Listed records
....................

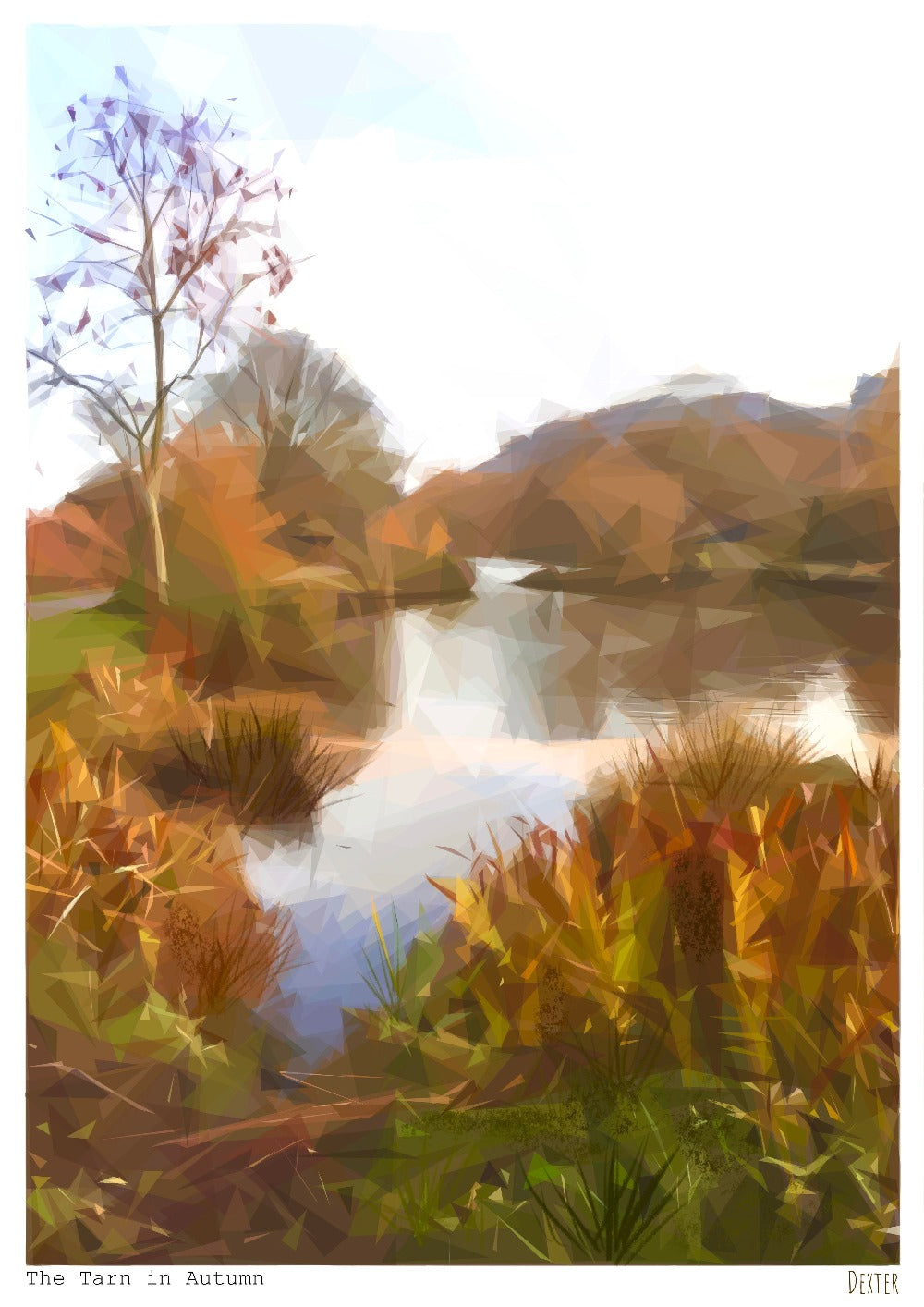 The Tarn in Autumn- Studio Print
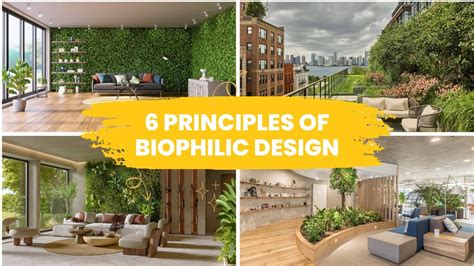 Six Principles Of Biophilic Design Biophilic Design Elements | Hot Sex ...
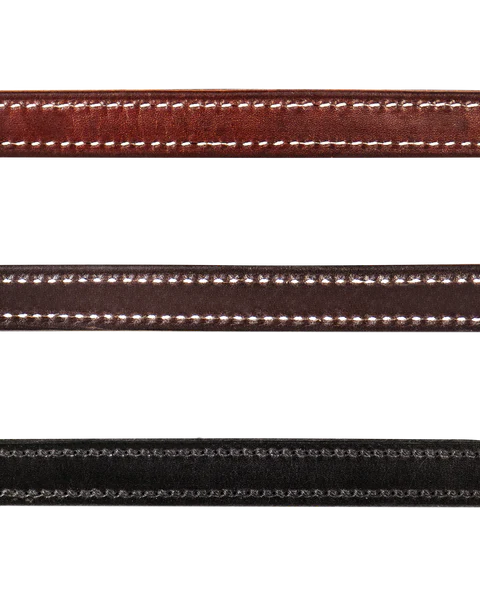 British Halter by Walsh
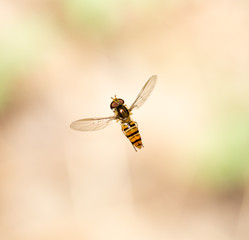 fly in flight in nature. macro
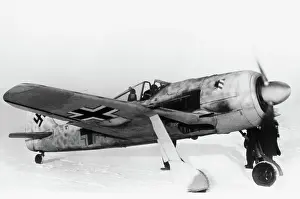 Low Wing: Focke Wulf FW-190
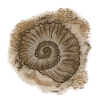 Antique Shell Illustration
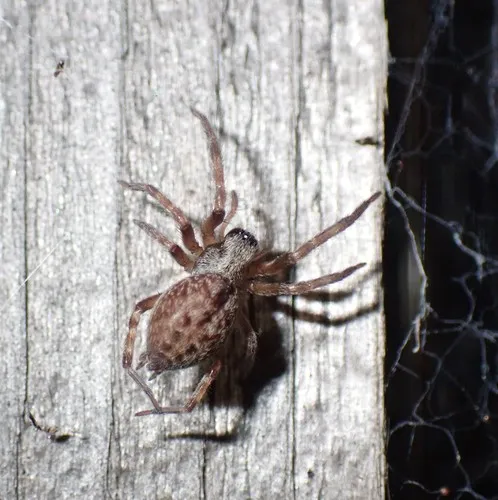 Grey House Spider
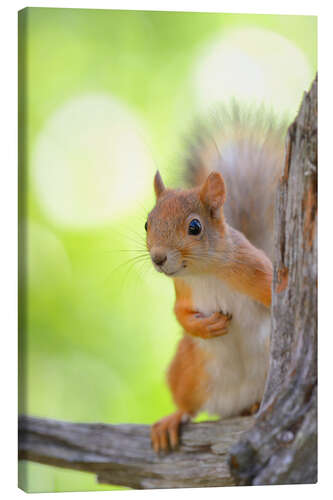 Canvas print European squirrel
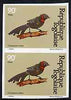 Togo 1981 Whydah 90f imperf pair from Birds set unmounted mint, as SG 1532
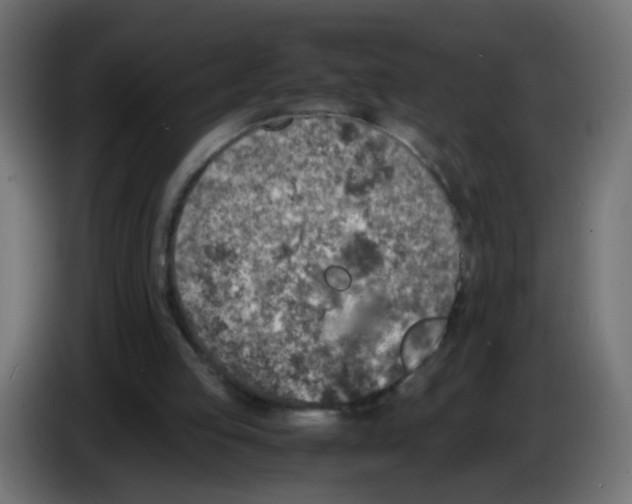 X0000083030053200703022035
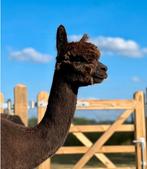 Bruine Alpaca Merrie, Juni, Vrouwelijk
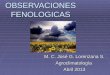 OBSERVACIONES FENOLOGICAS M. C. José G. Lorenzana S. Agroclimatología Abril 2013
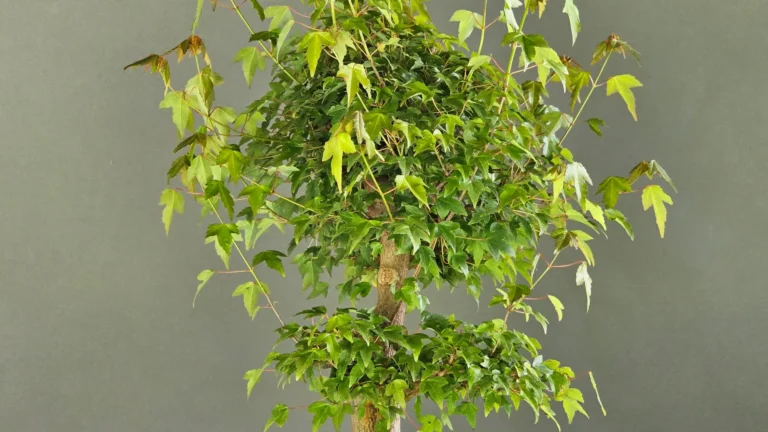Acer buergerianum trident maple bonsai with dense summer foliage before pruning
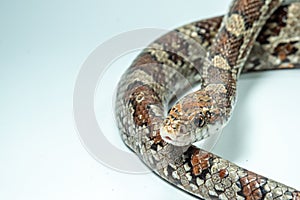 The corn snake Pantheropis guttatus Elaphe guttatus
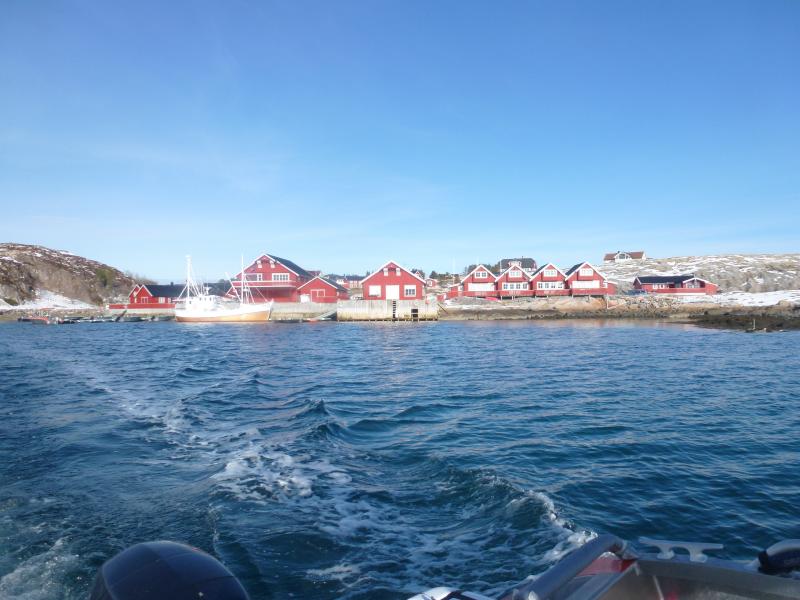 P1010590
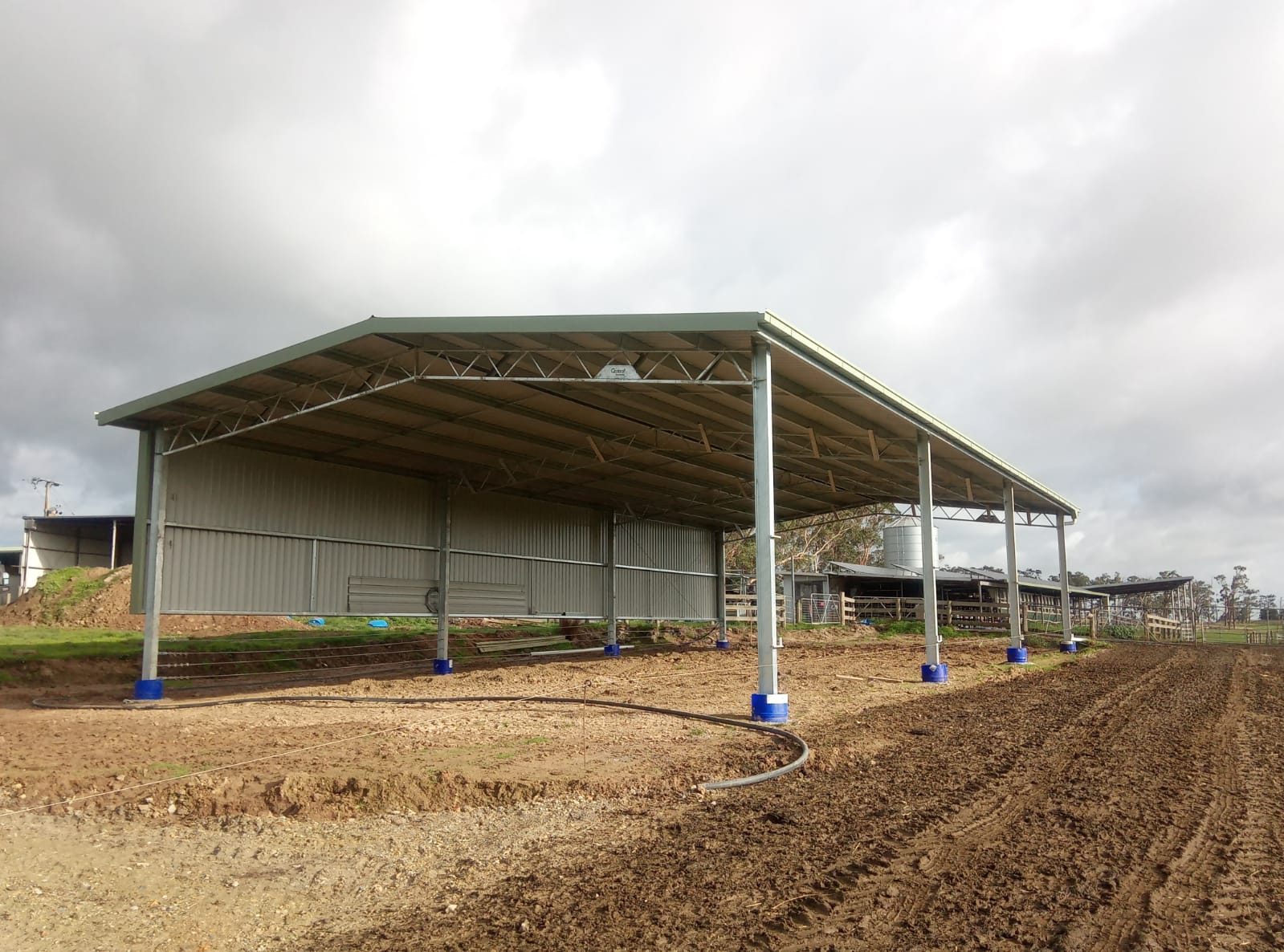 Ian Ross feedlot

....................

What you are asked to do
Please return all of the entries word for word, excluding the pictures.

Response
 The Tarn in Autumn- Studio Print
 Six Principles Of Biophilic Design Biophilic Design Elements | Hot Sex ...
 British Halter by Walsh
 fly in flight in nature. macro
 Low Wing: Focke Wulf FW-190
 Antique Shell Illustration
 Grey House Spider
 Canvas print European squirrel
 Togo 1981 Whydah 90f imperf pair from Birds set unmounted mint, as SG 1532
 X0000083030053200703022035
 Bruine Alpaca Merrie, Juni, Vrouwelijk
 OBSERVACIONES FENOLOGICAS M. C. José G. Lorenzana S. Agroclimatología Abril 2013
Acer buergerianum trident maple bonsai with dense summer foliage before pruning
 The corn snake Pantheropis guttatus Elaphe guttatus
 P1010590
 Ian Ross feedlot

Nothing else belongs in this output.